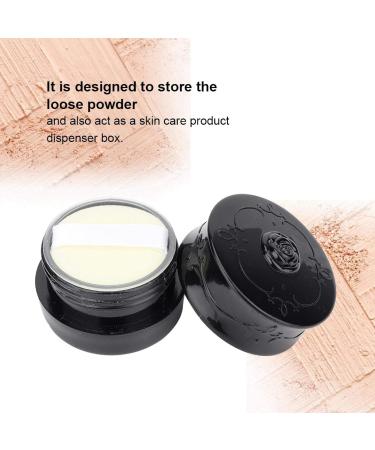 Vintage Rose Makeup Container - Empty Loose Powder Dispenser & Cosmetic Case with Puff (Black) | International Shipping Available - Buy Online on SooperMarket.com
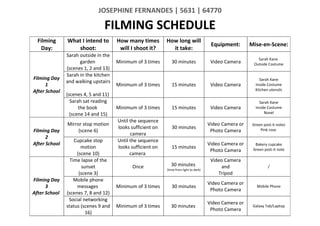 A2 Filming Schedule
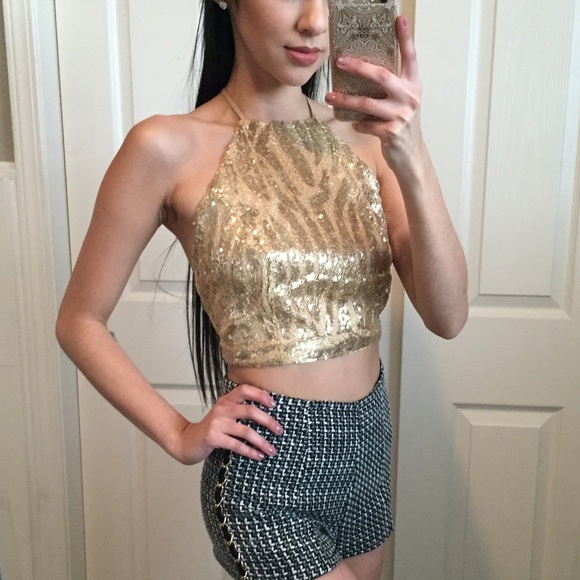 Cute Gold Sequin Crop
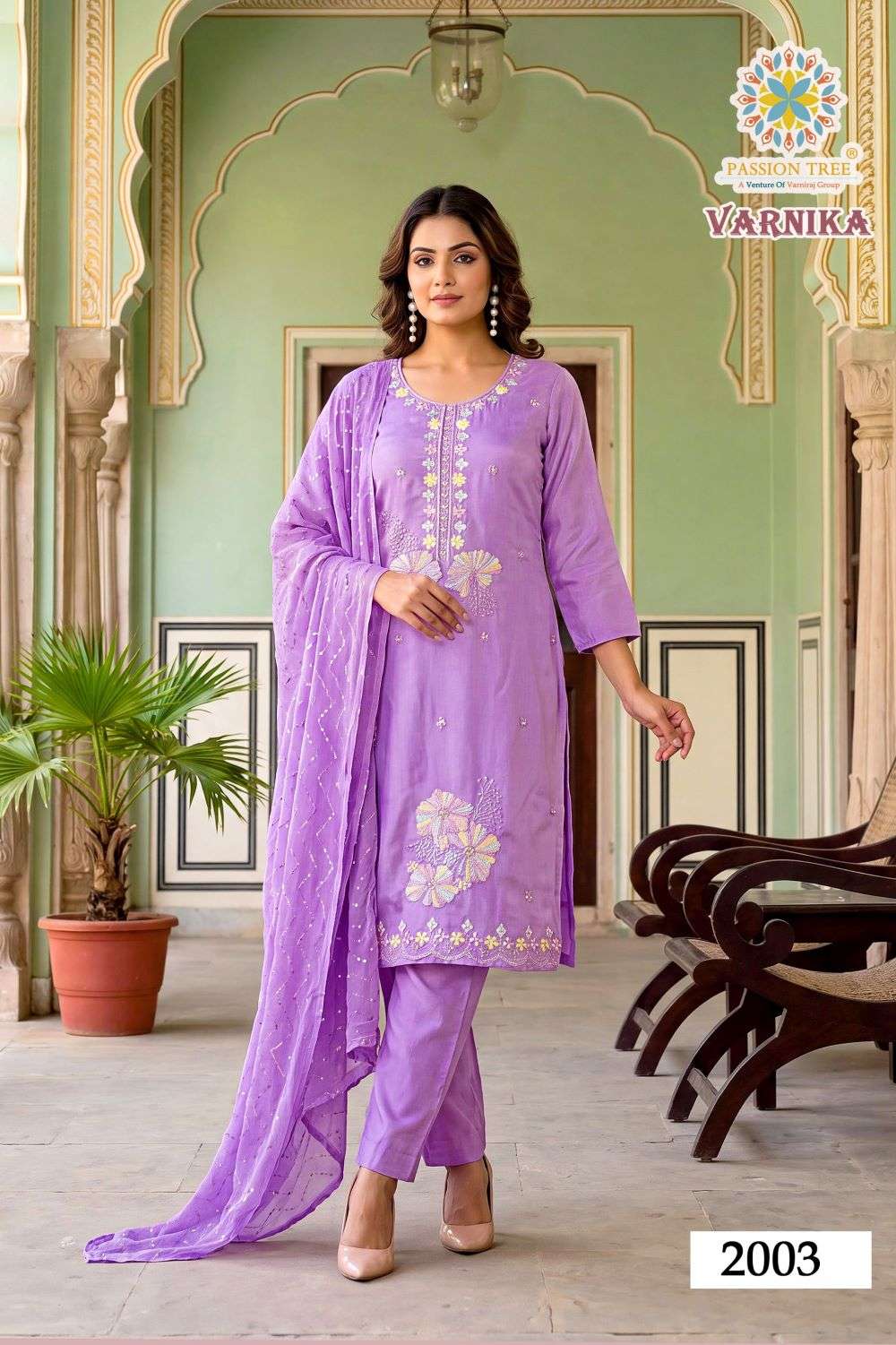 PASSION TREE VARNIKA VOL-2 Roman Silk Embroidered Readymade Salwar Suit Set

Task: Copy exactly the lines that run from the line containing "A2 Filming Schedule" to the end of the data above, keeping both end lines and leaving out all pictures.

Task output:
 A2 Filming Schedule
 Cute Gold Sequin Crop
 PASSION TREE VARNIKA VOL-2 Roman Silk Embroidered Readymade Salwar Suit Set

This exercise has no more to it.